In observing the market, I saw that some businesses would generate a strong online following before they even opened their doors or would get free TV news coverage. Neither of those happened for my arcade, despite some futile attempts on my part. Instead, marketing my arcade involved picking the best games I thought our locals would want to play, letting word of mouth spread from there. That’s only a small part of the marketing equation, however, and takes a long time to propagate. Of course, there’s also the chance that something goes wrong that you never hear about, and that word of mouth is actually spreading something negative instead.
The easy –– and essential –– thing to do was to take advantage of the “free” social media channels. I set everything up with Youtube, Facebook and Twitter, which were also tied to my company website. That way, the avenues were set up to keep in constant touch with my customers. The only problem was that I didn’t have many local customers to speak of who were actually following those sites.
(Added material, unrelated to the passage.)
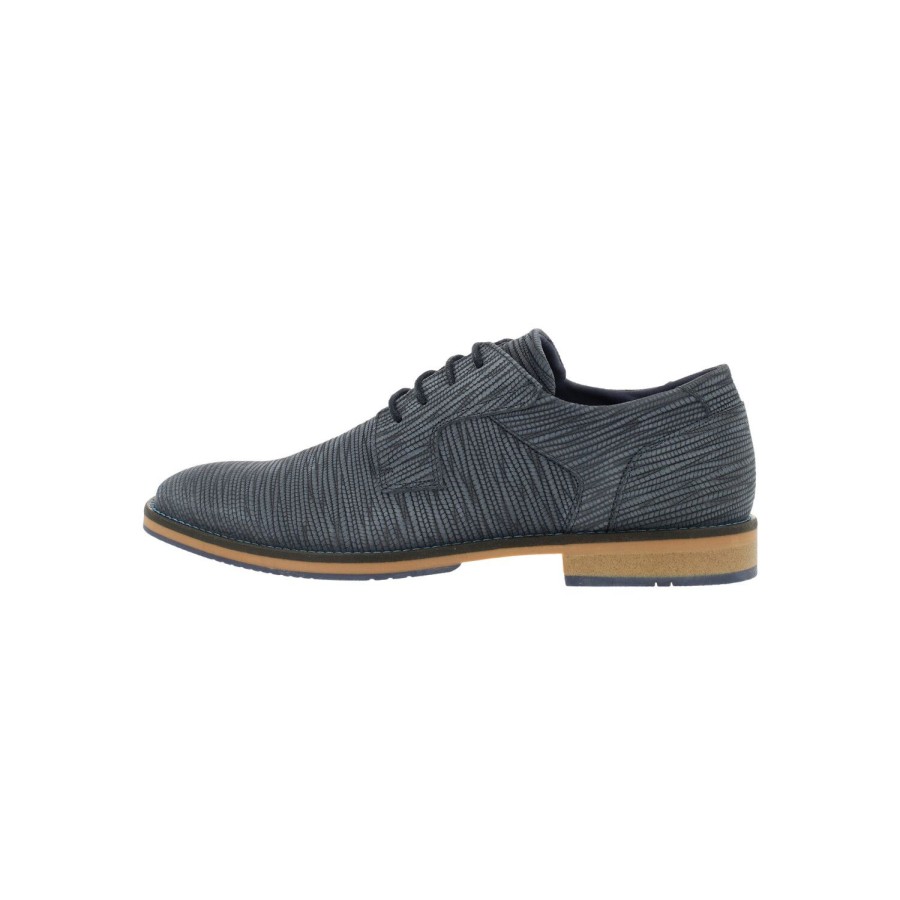 Bullboxer Lace-Up Blue 663K21008Ap722Su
Both Facebook and Twitter offer “Boost Post” features where you can target locals –– supposedly. After attempting to boost my posts locally numerous times (only to garner a zero-to-few likes), I’ve given up on throwing money away there. To this day, the majority of “likes,” “follows” and “subscriptions” tend to come from outside of my state, which doesn’t really help bring customers in on a daily basis. Even so, it would be foolish to drop the use of these channels. Just know going in that success here requires patience and consistent, clever postings to help keep the fans coming.
What I have discovered over the years is that to generate a fanbase on these channels, I need to show up at places beyond my store. Attending events like the Salt Lake Comic Con or sponsoring charity events like a local Lupus walk have actually been good for business. Of course, philanthropy is just good to do in general, and it’s often surprising how much one gets back when giving. (I would recommend the book The Go-Giver for an excellent look at that.)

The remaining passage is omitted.